When our experts make fanciful conclusions incapable of falsification – such as “some cold events are consistent with the inter-play of on-going global warming and internal variability” – it is clear witches are making mischief once again and messing with their minds.

Yet the Orthodoxy ignores the supernatural, seldom confessing how “little is currently known about the predictability of the frequency of daily extremes at long lead times”.

So the House remains unaware why “much work is needed to take careful account of uncertainty when delivering forecasts of EWEs”? (Karoly, WGSP, 2012, white paper, I3).

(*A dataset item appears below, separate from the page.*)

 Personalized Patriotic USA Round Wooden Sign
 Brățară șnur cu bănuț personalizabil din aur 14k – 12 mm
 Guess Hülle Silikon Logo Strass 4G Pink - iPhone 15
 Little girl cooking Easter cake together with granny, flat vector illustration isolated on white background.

Senator, the sceptical, confused and curious (aka “denialists”) do not want more deception and half-truths. They want frank disclosure of "the considerable uncertainties that remain"  the role of witches, the “possible confounding factors” and “many scientific challenges to be faced in developing a robust assessment process for EWEs”, and so on.

For how much longer will the Carbon Club – and members of the House – get away with so confidently dishing up pseudo-predictions and dodgy attribution statements in a carefully choreographed semantic smokescreen designed to discourage scrutiny?

Finally, if you have read this far, Senator, I thank you for your patience. Should you object that I have used more artifice than method in my letter, I shall take no great offence, since I have an ample excuse.

For who, as the old proverb says, can make bricks without straw, a saint without a villain, weather without a witch, a dog bark without a herring, a model without data, a prediction without a soothsayer, an emperor without clothes, a scare without a scarecrow, drivel without a driveller, or claim to know all the secrets of the Earth’s thermostat without a lot of chutzpah?

Michael Kile,  July 2013

Michael Kile does not work for, consult to, own shares in or receive funding from any company or organisation that would benefit from this article. He has no relevant affiliations, except as author of The Devil’s Dictionary of Climate Change.